━━ Supplied records ━━

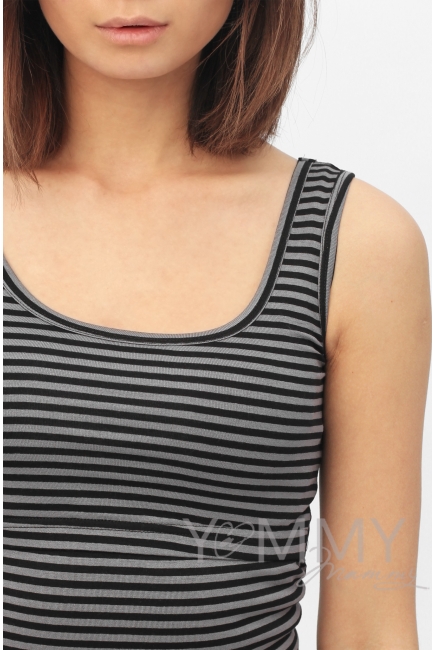 Майка для кормящих и беременных, в черную полоску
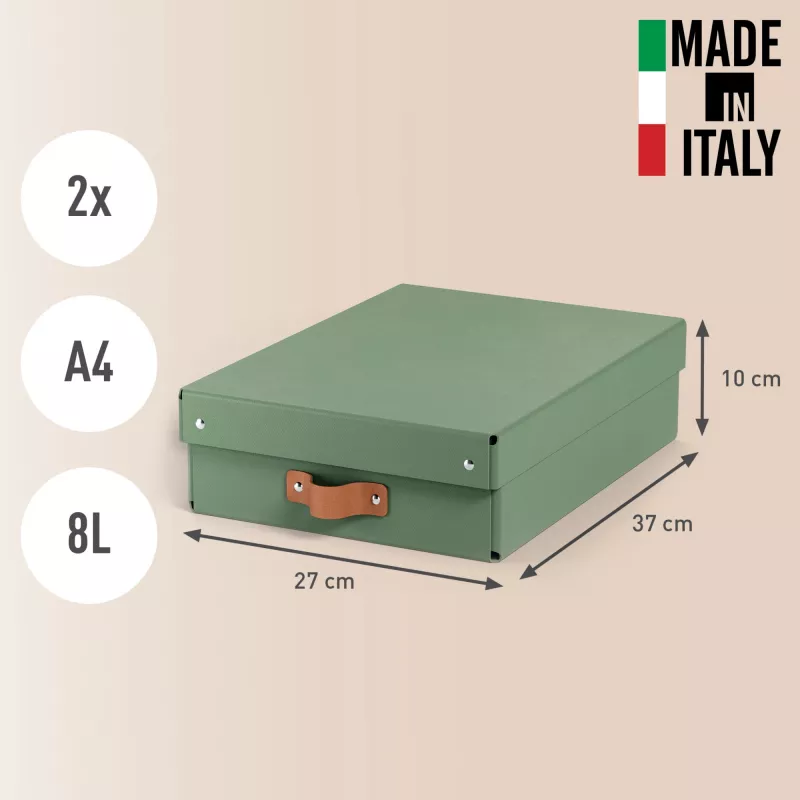 Leitz Caja de almacenamiento con tapa Puro, altura media, 8 L, cartón 100 % reciclado, pack de 2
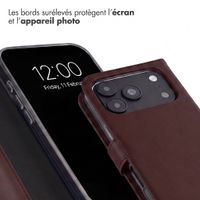 Selencia Étui portefeuille en cuir véritable Apple iPhone 18 Pro Max / 17 Pro Max - Marron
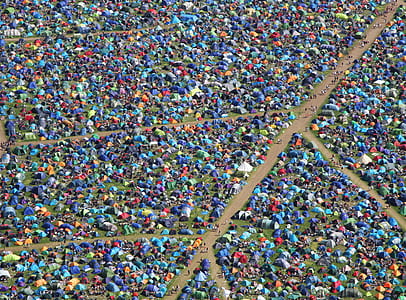 bird's eyeview of a group of gathering people thumbnail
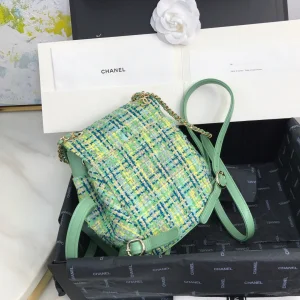 Luxury Womens Handbags Chanel Tweed Backpack Green AS0325 23x21x15CM A53PP880 AA147827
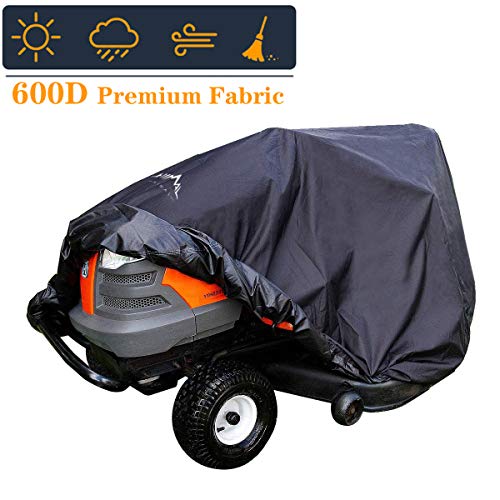 Himal Pro Lawn Mower Cover - Heavy Duty 600D Polyester Oxford Waterproof UV Resistant Universal Size Tractor Cover Fits Decks up to 54 with Storage Bag Black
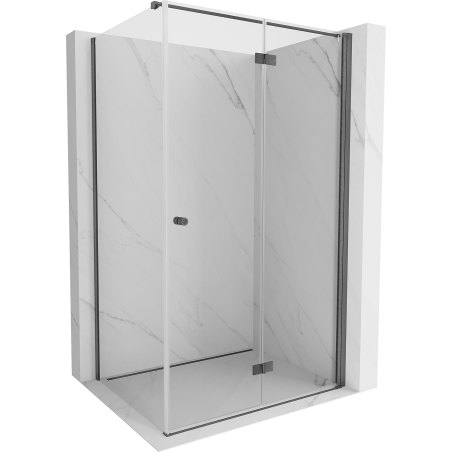Mexen Mist-F folding shower enclosure right 115 x 120 cm, transparent, gun gray brushed - 8A6T-115-120-66-00-P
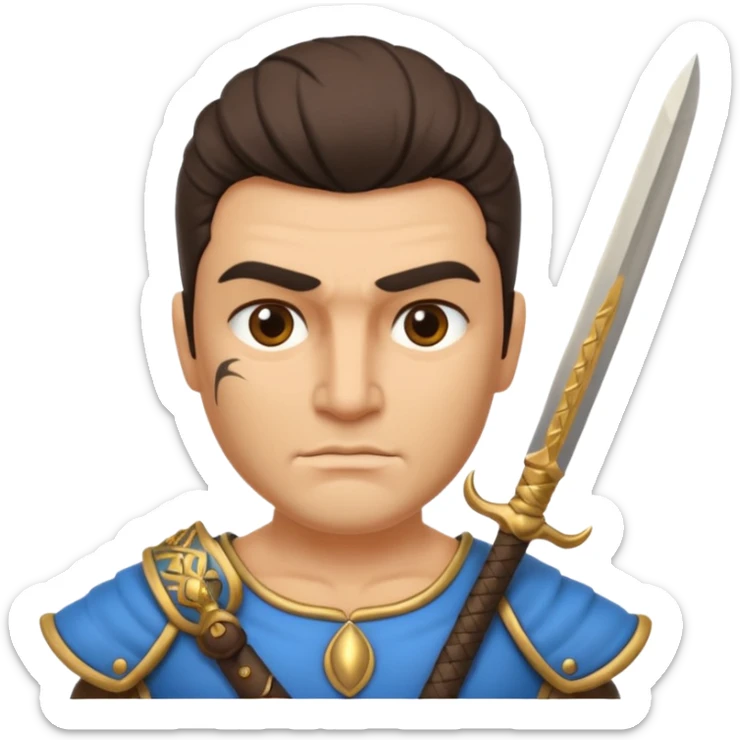 crea a un guerrero griego estoico, muy musculoso 3d sticker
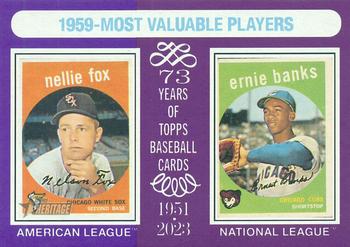 2024 Topps Heritage Mini - Purple Border #191 1959 MVPs (Nellie Fox / Ernie Banks) Front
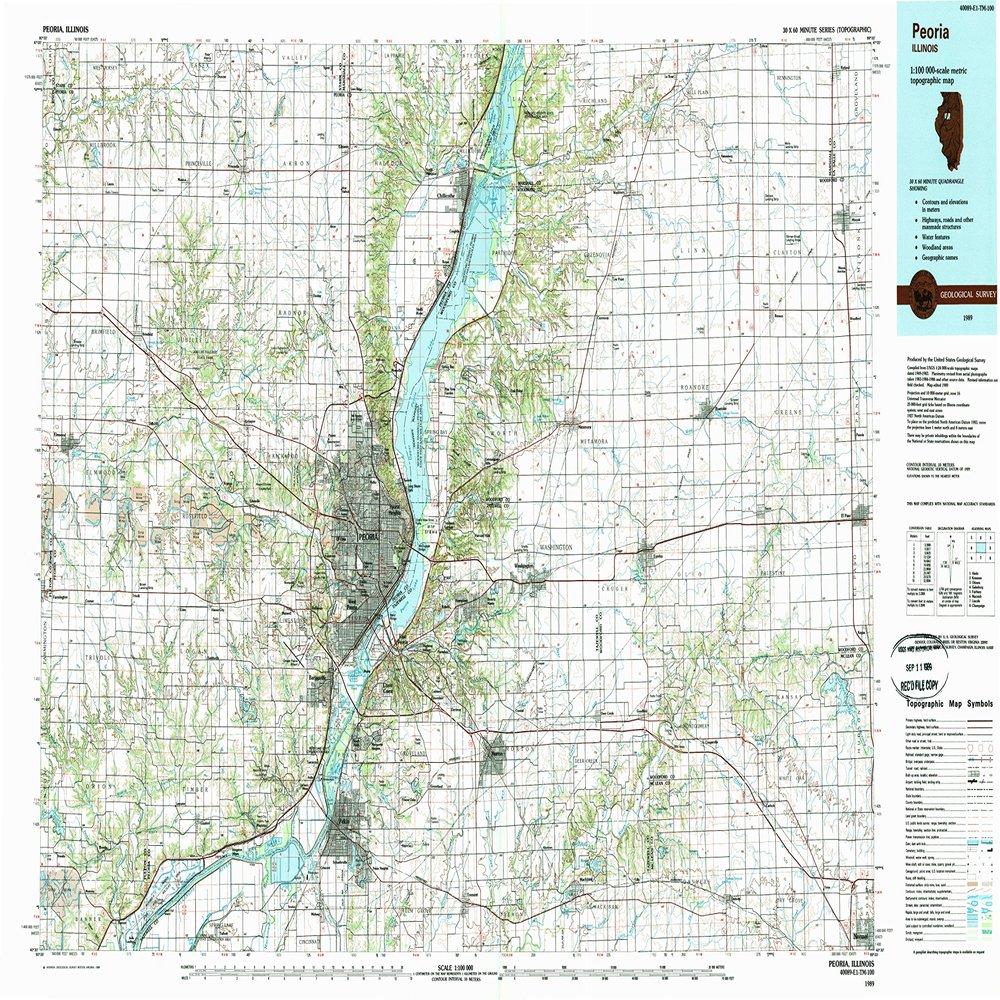 YellowMaps Peoria IL topo map, 1:100000 Scale, 30 X 60 Minute, Historical, 1989, Updated 1989, 24.1 x 40 in - Tyvek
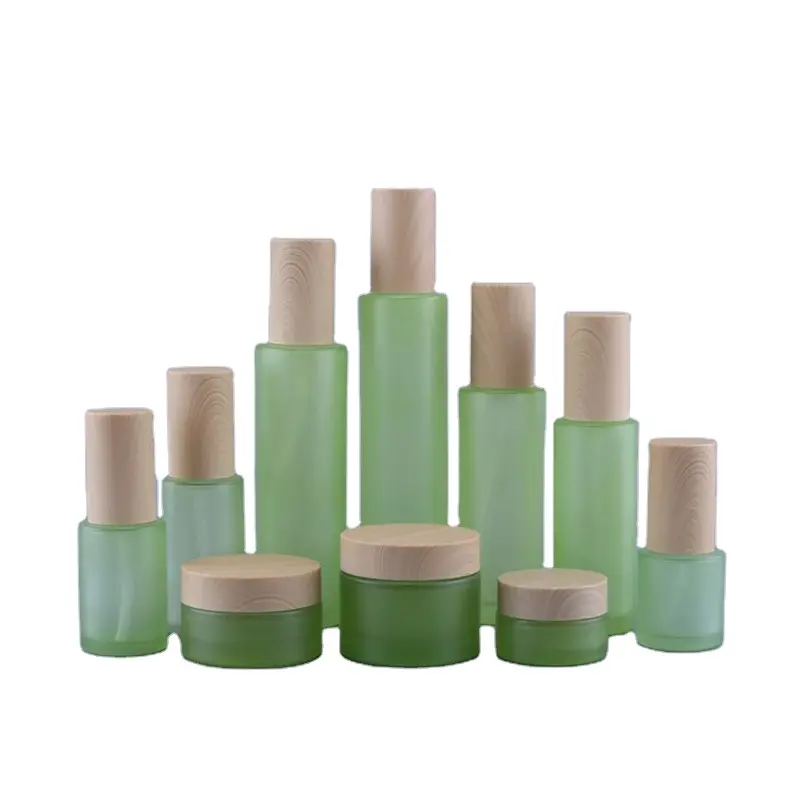 20ML-120ML Mattgrüne Hautpflege Kosmetik verpackung Glasflasche für Schönheit mit Sprüh-oder Lotion pumpe oder Tropfs topfen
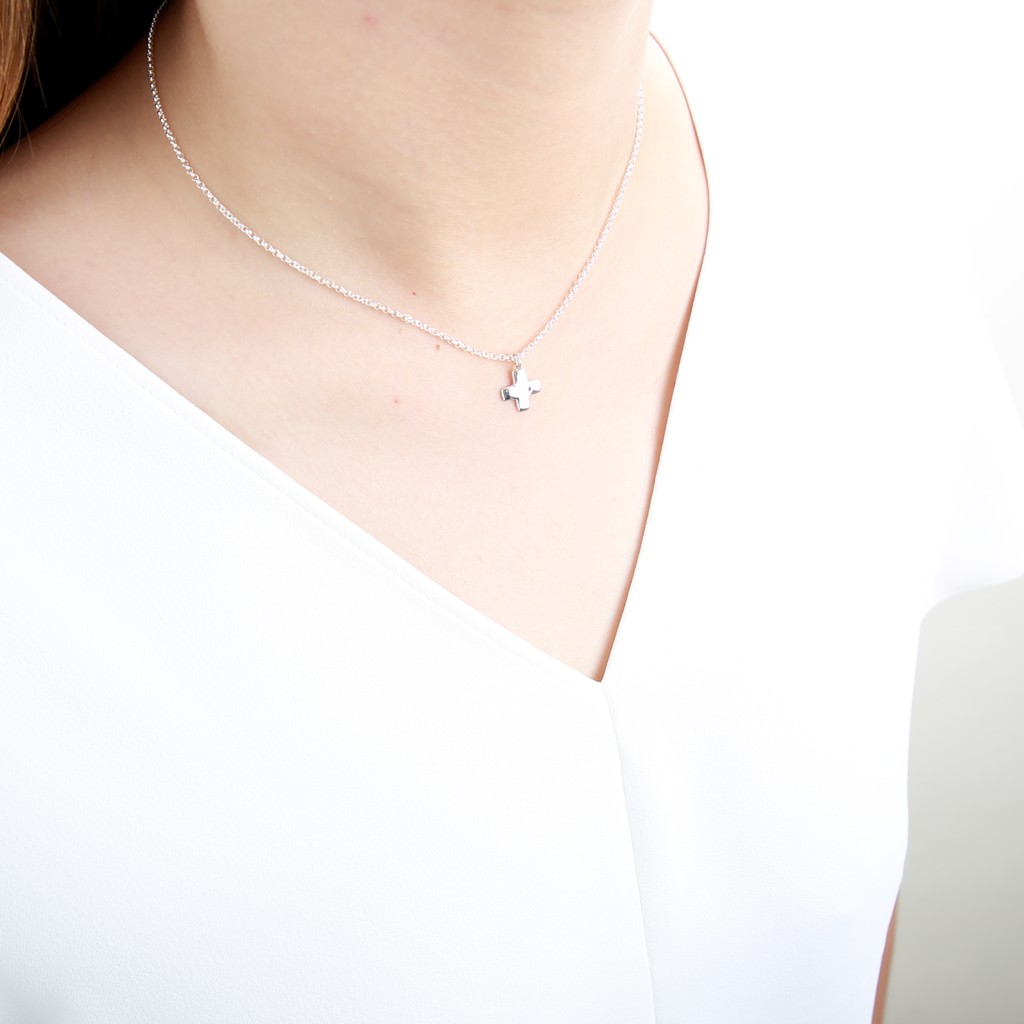 Hammered Prayer Cross s925 sterling silver necklace Valentine's day gift, , large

━━━

Word for word, retype the lines in the entries above that run from the one with "Himal Pro Lawn" through the one with "2024 Topps Heritage". Both ends count; pictures do not.

 Himal Pro Lawn Mower Cover - Heavy Duty 600D Polyester Oxford Waterproof UV Resistant Universal Size Tractor Cover Fits Decks up to 54 with Storage Bag Black
Mexen Mist-F folding shower enclosure right 115 x 120 cm, transparent, gun gray brushed - 8A6T-115-120-66-00-P
 crea a un guerrero griego estoico, muy musculoso 3d sticker
 2024 Topps Heritage Mini - Purple Border #191 1959 MVPs (Nellie Fox / Ernie Banks) Front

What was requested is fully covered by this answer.